#### Task to complete:
Give back, word for word, only the lines from the one containing "공주 의료원 방문한 尹 '지역 의료기관 인프라 구축 재정 투자 아끼지 않을 것'" to the end of the listing below.

========================================================================

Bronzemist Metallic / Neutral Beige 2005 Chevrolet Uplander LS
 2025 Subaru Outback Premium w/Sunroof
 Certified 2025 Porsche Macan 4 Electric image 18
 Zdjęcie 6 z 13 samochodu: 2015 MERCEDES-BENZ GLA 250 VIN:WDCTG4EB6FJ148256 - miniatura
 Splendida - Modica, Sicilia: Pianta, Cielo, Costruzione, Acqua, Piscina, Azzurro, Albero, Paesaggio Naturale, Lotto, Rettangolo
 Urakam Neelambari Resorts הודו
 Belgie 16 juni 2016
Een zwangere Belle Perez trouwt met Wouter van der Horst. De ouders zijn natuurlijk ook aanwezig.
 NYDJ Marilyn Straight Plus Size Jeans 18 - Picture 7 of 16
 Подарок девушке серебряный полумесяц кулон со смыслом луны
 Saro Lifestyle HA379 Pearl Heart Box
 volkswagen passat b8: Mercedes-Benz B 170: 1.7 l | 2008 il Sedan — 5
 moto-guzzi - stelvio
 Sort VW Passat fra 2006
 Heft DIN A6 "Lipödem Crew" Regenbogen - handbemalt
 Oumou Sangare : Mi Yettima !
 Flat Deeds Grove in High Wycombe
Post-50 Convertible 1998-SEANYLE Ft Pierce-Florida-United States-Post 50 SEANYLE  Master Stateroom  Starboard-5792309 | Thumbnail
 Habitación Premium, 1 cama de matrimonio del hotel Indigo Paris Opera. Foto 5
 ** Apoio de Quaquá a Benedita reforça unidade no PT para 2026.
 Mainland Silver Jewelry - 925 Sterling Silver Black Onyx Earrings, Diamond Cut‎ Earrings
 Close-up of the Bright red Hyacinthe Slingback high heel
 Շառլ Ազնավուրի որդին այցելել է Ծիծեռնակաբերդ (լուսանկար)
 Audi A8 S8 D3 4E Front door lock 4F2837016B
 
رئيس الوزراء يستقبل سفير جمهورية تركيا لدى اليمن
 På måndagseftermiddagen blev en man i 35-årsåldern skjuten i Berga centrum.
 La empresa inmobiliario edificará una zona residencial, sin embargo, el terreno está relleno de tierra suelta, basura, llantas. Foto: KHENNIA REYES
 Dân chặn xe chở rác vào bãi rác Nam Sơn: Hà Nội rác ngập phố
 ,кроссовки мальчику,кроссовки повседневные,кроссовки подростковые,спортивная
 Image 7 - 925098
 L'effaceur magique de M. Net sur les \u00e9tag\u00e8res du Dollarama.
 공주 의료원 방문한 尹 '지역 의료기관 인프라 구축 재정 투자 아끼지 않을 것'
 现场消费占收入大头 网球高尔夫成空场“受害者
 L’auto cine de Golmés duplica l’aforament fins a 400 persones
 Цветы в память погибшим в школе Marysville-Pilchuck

========================================================================

#### Answer to the problem:
 공주 의료원 방문한 尹 '지역 의료기관 인프라 구축 재정 투자 아끼지 않을 것'
 现场消费占收入大头 网球高尔夫成空场“受害者
 L’auto cine de Golmés duplica l’aforament fins a 400 persones
 Цветы в память погибшим в школе Marysville-Pilchuck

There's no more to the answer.